KC-4019

293T-CDCP1-High-Cell-Line

40496

Home » 293T-CDCP1-High-Cell-Line

Background of 293T-CDCP1-High-Cell-Line

CDCP1, also known as CD318, encodes a transmembrane protein that contains three extracellular CUB domains and serves as a substrate for Src family kinases. This protein plays a role in tyrosine phosphorylation dependent regulation of cellular events involved in tumor invasion and metastasis.

Specifications

Catalog Number	KC-4019
Cell Line Name	293T-CDCP1-High-Cell-Line
Host Cell Line	293T
Description	Stable 293T clone expressing exogenous CDCP1 gene in high level
Quantity	One vial of frozen cells (≥2-10⁶/vial)
Stability	Stable in culture over a minimum of 10 passages
Application	Drug screening and biological assays
Freezing Medium	70% DMEM + 20% FBS + 10% DMSO
Propagation Medium	DMEM + 10% FBS + 1μg/mL Puromycin
Selection Marker	Puromycin
Morphology	Epithelial
Subculture	Split saturated culture 1:4-1:8 every 2-3 days; seed out at about 1-3 × 10⁵ cells/mL
Incubation	37 °C with 5% CO₂
Storage	Liquid nitrogen immediately upon receiving
Doubling Time	Approximately 30 hours
Mycoplasma Status	Negative
In Vivo Validation	NA

Cell Line Generation

293T-CDCP1-High-cell-line was generated using a lentiviral vector expressing the CDCP1 sequence.

Characterization

Figure 1: Characterization of CDCP1 overexpression in the 293T-CDCP1-High stable clone using FACS.

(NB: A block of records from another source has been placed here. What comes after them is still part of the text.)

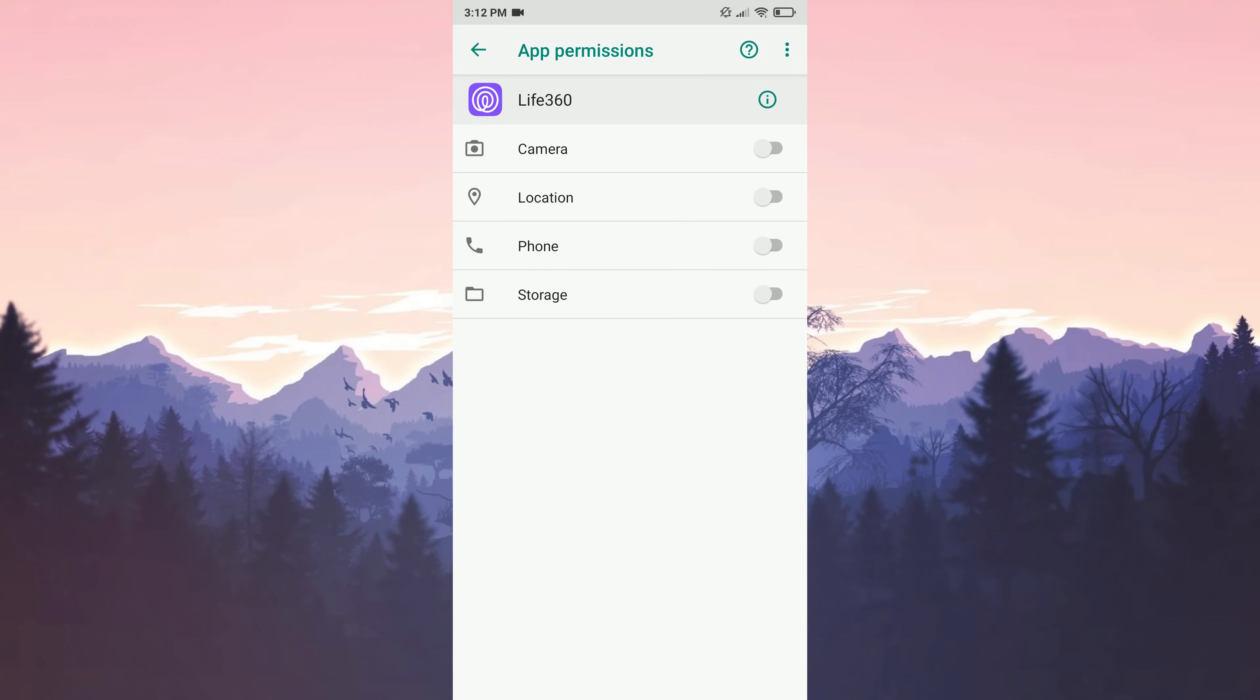In this section, we make sure that the location and storage permissions are turned on. These two features are necessary for Life360 to work.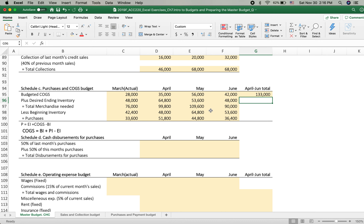Next is Schedule D: cash disbursements for purchases. The purchase figure represents the inventory value, but actual purchase payment is totally different from the purchase amount — just as we collect cash from customers based on credit, we also pay vendors based on credit. We use inventory invoices and credit when paying suppliers. We don't pay at the time of purchase. This is accrual accounting, not cash transaction accounting.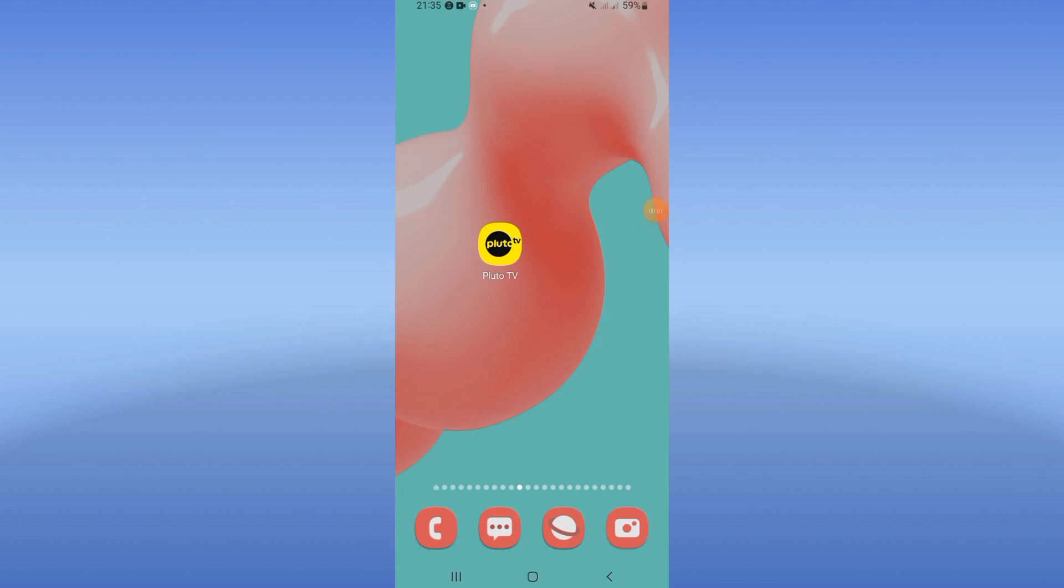How to fix Pluto TV won't work problem. Welcome guys, I'm going to give you one of the best solutions.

Figure 2: Characterization of CDCP1 in the 293T-CDCP1 stable clone using PCR sequencing.

Cell Resuscitation

Prewarm culture medium (DMEM supplemented with 10% FBS and 1μg/mL puromycin)in a 37°C water bath.
Thaw the frozen vial in a 37°C water bath for 1-2 minutes.
Transfer the vial into biosafety cabinet, and wipe the surface with 70% ethanol.
Unscrew the top of the vial and transfer the cell suspension gently into a sterile centrifuge tube containing 9.0mL complete culture medium.
Spin at ~ 125 × g for 5-7 minutes at room temperature, and discard the supernatant without disturbing the pellet.
Resuspend cell pellet with the appropriate volume of complete medium and transfer the cell suspension into a T25 culture flask.
Incubate the flask at 37°C, 5% CO₂ incubator.
Split saturated culture 1:4-1:8 every 2-3 days; seed out at about 1-3 × 10⁵ cells/mL.

Cell Freezing

Prepare the freezing medium (70% DMEM + 20% FBS + 10% DMSO) fresh immediately before use.
Keep the freezing medium on ice and label cryovials.
Transfer cells to a sterile, conical centrifuge tube, and count the cells.
Centrifuge the cells at 250×g for 5 minutes at room temperature and carefully aspirate off the medium.
Resuspend the cells at a density of at least 3×10⁶ cells/mL in chilled freezing medium.
Aliquot 1 mL of the cell suspension into each cryovial.
Freeze cells in the CoolCell freezing container overnight in a -80°C freezer.
Transfer vials to liquid nitrogen for long-term storage

References

Qi X, Gao J, Li Z, Zhang G, Li J, Fu Y, Cai M, Wang H, Tong T. CDCP1: A promising diagnostic biomarker and therapeutic target for human cancer. Life Sci. 2022 Jul 15;301:120600. doi: 10.1016/j.lfs.2022.120600. Epub 2022 May 2. PMID: 35504333.
Lim SA, Zhou J, Martinko AJ, Wang YH, Filippova EV, Steri V, Wang D, Remesh SG, Liu J, Hann B, Kossiakoff AA, Evans MJ, Leung KK, Wells JA. Targeting a proteolytic neoepitope on CUB domain containing protein 1 (CDCP1) for RAS-driven cancers. J Clin Invest. 2022 Feb 15;132(4):e154604. doi: 10.1172/JCI154604. PMID: 35166238; PMCID: PMC8843743.

Use License Agreement

Research Use Only.

Not for use in diagnostic procedures or therapeutic applications.

Redistribution of the cell line or its derivatives is prohibited without prior written permission from Kyinno Biotechnology.